Kurt Schwitters (1887-1948) of Hanover, Germany, created a nonpolitical offshoot of Dada that he named "Merz," coined from the word kommerz ("commerce") in one of his collages. Beginning as a one-man art movement in 1919, his Merz pictures were collage compositions using printed ephemera, rubbish, and found materials to compose color against color, form against form, and texture against texture. His complex designs combined Dada's element of nonsense and chance with strong design properties. When he tried to join the Dada movement as "an artist who nails his pictures together," he was refused membership for being too bourgeois.
Schwitters wrote and designed poetry that played sense against nonsense. In the early 1920s, Constructivism became an added influence in Schwitters's work after he made contact with El Lissitzky (1890-1941) and Theo van Doesburg (1883-1931), who invited Schwitters to Holland to promote Dada. Schwitters and van Doesburg collaborated on a book design with typographic forms as the characters.

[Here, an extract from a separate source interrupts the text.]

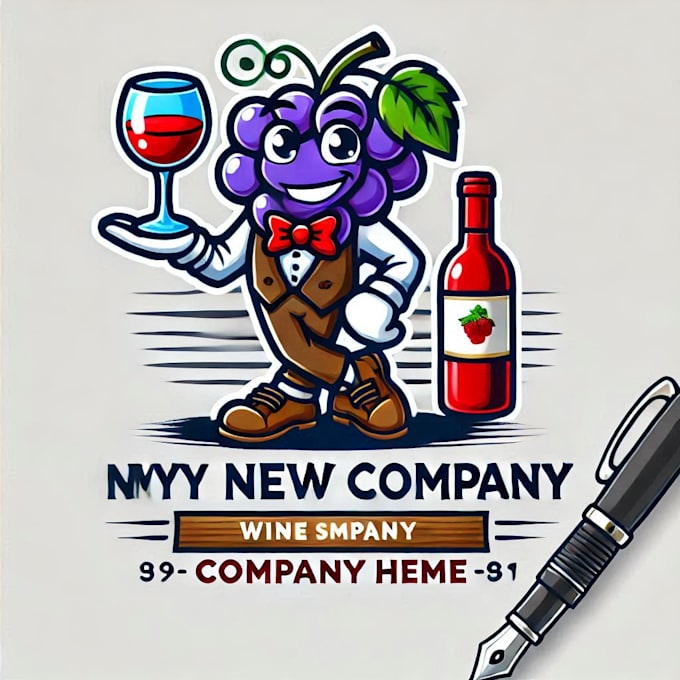 Gig Preview - Do wonderful wine mascot logo design with 1 day delivery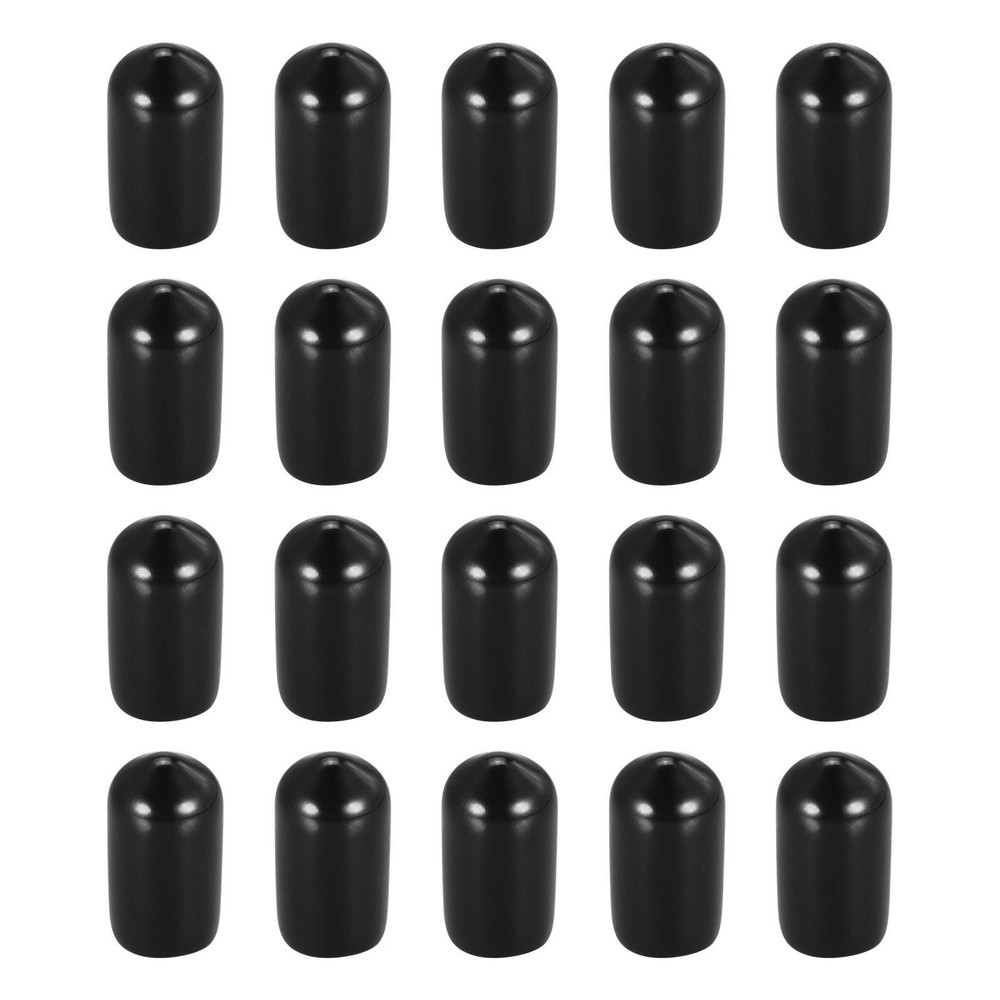 20-Pack 7.5mm Black Rubber Screw Thread End Caps for Bolts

From 1923 until 1932, Schwitters published twenty-four issues of the periodical Merz, whose eleventh issue was devoted to advertising typography. During this time Schwitters ran a successful graphic design studio with Pelikan - manufacturer of office equipment and supplies - as a major client, and the city of Hanover employed him as typography consultant for several years. When the German political situation deteriorated in the 1930s, Schwitters spent increasing time in Norway and moved to Oslo in 1937. After Germany invaded Norway in 1940, he fled to the British Isles, where he spent his last years.